Jem Cohen : C’est vrai que beaucoup de journalistes de gros médias étaient souvent sarcastiques au sujet de Fugazi. Ils pointaient le côté politique et donneur de leçon du groupe, ce qui me répugnait. Avec ce film, mon but était donc plus que jamais de les montrer comme ils étaient, et de souligner notamment leur humour parce que ce sont des mecs très drôles. En conclusion, un journaliste qui ne parle pas vraiment de musique quand il aborde un groupe n’est pas un bon journaliste. Moi, j’ai voulu souligner leur façon de travailler, d’improviser, de ne jamais faire de setlist. Fugazi avait un terrain de jeu délimité sur lequel il évoluait totalement librement.

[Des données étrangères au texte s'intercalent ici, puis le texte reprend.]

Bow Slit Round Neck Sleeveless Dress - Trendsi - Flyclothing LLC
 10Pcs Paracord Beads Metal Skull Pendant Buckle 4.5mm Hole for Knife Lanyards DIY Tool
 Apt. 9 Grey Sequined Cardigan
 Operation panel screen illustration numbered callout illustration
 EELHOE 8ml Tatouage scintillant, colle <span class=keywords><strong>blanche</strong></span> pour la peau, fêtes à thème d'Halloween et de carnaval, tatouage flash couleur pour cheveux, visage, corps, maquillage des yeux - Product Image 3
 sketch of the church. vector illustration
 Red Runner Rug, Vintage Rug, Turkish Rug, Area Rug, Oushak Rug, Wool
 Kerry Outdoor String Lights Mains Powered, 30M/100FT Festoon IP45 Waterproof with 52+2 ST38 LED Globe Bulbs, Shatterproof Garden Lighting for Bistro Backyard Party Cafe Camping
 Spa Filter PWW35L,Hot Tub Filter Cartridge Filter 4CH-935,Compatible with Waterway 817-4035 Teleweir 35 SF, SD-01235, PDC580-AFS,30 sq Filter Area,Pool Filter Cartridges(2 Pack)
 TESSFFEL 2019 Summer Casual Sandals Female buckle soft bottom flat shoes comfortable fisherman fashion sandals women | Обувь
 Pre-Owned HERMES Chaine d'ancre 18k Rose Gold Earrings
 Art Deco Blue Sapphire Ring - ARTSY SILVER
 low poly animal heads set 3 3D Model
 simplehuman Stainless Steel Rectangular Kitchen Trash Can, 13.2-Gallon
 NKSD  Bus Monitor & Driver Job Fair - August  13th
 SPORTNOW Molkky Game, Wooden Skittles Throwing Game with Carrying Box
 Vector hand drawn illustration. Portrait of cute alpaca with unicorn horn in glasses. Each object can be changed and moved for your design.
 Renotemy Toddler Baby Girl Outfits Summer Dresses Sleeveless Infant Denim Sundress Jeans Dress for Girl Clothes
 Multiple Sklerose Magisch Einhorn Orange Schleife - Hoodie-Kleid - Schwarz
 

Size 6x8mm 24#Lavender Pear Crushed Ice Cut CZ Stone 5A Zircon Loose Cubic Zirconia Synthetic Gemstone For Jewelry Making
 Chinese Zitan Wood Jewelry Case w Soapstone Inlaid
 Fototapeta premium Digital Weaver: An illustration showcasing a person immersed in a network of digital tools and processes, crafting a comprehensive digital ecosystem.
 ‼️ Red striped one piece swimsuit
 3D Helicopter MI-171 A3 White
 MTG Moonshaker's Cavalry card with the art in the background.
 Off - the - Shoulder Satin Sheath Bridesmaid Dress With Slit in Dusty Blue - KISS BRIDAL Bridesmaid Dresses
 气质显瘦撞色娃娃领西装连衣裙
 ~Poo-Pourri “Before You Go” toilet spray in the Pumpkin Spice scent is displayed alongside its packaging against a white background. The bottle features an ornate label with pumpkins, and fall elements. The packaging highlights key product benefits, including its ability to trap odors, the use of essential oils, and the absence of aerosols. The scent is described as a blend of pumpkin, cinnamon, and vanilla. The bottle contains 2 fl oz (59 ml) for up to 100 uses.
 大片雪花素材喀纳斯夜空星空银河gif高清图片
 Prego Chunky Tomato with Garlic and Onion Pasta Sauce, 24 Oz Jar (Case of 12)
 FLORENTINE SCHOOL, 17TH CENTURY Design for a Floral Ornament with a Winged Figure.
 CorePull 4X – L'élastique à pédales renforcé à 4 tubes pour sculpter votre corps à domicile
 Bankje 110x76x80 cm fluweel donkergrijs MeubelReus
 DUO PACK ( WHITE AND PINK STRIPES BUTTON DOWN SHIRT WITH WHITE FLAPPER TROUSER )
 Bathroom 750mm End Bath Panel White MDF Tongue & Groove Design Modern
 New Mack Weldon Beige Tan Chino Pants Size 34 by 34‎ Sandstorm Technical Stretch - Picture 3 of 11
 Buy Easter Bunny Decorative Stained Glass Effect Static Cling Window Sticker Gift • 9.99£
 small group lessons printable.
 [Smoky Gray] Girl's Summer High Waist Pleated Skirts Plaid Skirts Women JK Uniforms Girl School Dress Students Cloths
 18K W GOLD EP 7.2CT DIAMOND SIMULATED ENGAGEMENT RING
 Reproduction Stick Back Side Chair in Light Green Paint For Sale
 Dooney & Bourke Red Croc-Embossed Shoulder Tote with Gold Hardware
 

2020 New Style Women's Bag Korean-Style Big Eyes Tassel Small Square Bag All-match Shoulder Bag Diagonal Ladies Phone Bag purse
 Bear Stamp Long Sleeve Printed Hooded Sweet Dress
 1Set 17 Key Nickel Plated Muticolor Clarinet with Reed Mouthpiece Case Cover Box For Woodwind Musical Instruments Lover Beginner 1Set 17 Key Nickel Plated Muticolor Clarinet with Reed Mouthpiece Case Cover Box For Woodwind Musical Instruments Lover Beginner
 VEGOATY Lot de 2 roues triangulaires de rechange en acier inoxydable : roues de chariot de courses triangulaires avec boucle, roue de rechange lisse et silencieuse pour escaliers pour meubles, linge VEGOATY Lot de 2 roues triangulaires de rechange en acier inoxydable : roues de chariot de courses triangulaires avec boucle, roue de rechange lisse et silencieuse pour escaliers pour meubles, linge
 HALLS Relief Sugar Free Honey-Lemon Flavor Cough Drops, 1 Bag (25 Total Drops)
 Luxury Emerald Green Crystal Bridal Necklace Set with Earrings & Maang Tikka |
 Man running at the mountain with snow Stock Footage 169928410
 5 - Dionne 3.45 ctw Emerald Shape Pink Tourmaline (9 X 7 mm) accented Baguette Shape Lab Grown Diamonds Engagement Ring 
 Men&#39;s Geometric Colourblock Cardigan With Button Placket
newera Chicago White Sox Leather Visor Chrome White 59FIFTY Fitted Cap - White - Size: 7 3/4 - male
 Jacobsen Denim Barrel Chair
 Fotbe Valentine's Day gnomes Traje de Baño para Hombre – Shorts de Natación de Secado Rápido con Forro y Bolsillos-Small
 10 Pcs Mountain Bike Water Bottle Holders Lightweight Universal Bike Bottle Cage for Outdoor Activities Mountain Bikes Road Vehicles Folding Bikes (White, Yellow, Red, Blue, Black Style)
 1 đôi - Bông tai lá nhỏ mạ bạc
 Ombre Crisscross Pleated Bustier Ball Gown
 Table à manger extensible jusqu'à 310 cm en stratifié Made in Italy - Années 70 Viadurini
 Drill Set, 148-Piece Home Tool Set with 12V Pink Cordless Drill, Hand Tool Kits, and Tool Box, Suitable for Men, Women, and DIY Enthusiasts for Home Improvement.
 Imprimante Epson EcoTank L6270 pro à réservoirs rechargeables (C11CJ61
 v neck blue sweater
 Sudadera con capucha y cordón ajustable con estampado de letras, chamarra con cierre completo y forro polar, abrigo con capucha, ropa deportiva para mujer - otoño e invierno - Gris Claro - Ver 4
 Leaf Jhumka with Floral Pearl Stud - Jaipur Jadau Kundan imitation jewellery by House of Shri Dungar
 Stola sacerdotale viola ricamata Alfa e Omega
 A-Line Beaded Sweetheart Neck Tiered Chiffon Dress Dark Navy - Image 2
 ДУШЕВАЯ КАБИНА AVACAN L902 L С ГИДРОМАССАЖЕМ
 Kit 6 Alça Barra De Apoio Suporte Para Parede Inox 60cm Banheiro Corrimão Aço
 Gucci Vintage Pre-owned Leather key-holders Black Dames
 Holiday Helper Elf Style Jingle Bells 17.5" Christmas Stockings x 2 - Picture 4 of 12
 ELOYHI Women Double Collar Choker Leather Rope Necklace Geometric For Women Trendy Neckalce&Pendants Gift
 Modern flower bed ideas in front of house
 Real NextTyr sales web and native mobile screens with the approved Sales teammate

Vish Khanna : Enfin, il faut qu’on parle de cette séquence du panneau de basket (vidéo ci-dessous). Je ne sais pas si un scout de la NBA était dans la salle… Guy, comment as-tu vécu ce moment ?
Guy Picciotto : C’était au début du groupe. On jouait à Philadelphie et c’était un des premiers concerts qu’on donnait en dehors de Washington D.C. C’était dans un gymnase où il y avait peut être 50 personnes, et nous nous sommes installés sous ce panier de basket. A l’époque, je ne jouais pas encore de guitare au sein de Fugazi, que j’avais rejoint un peu en décalé. Auparavant, j’avais eu 5 groupes en tant que guitariste et c’était la première fois que j’étais seulement chanteur. Je n’avais donc qu’une seule chose à faire : me lâcher et me laisser habiter par la musique. Glueman, avec son groove, s’y prêtait particulièrement bien. Mais il y a eu d’autres concerts où j’ai fait des choses plus dangereuses que ça, seulement il n’y a pas d’images. Je me souviens notamment du Tacoma World Theater ou j’ai monté une échelle d’une quinzaine de mètres qui est tombée. Bref, pris dans le moment, je me suis accroché à ce panier et ce qui devait arriver arriva. Je n’avais d’ailleurs aucune idée que j’étais filmé. Ce n’est que lorsque nous avons joué plus tard à Fort Reno et que Todd Crespi est venu nous voir avec ces images que j’ai su que ça avait été immortalisé. C’est drôle parce que la vidéo est coupée avant la fin donc je ne me souviens plus si je suis tombé. Je crois que j’ai atterri dans la batterie de Brendan.
Vish Khanna : Brendan, tu te souviens de ce qui t’est passé par la tête ? A l’image, tu sembles complètement conscient de ce qui se passe au-dessus de toi…
Brendan Canty : Ca m’a rappelé l’énergie de Rites of Spring qui y allait toujours à fond. Du coup, ça ne m’a pas surpris plus que cela, même si c’était très ambitieux venant de Guy.
Guy Picciotto : Ca me met un peu mal à l’aise que ce moment soit devenu si emblématique. Je reconnais que c’est très photogénique et que c’était un super moment, mais ce n’était qu’un délire. A cette époque là, je m’intégrais au groupe et prenais conscience du pouvoir de création de ces mecs. Je me suis laissé déborder par l’énergie dégagée. Je comprends que ces images aient marqué mais elles ne dégageront jamais toute l’émotion que j’ai ressenti à ce moment-là. C’est une des centaines d’interprétations que nous avons fait de Glueman, un morceau très emblématique pour nous car, grâce à lui, on atteignait une sorte de catharsis lorsque nous le jouions. Aujourd’hui, cette photo se retrouve sur un t-shirt qui génère des fonds pour une oeuvre de charité vraiment importante, donc je l’assume d’autant plus.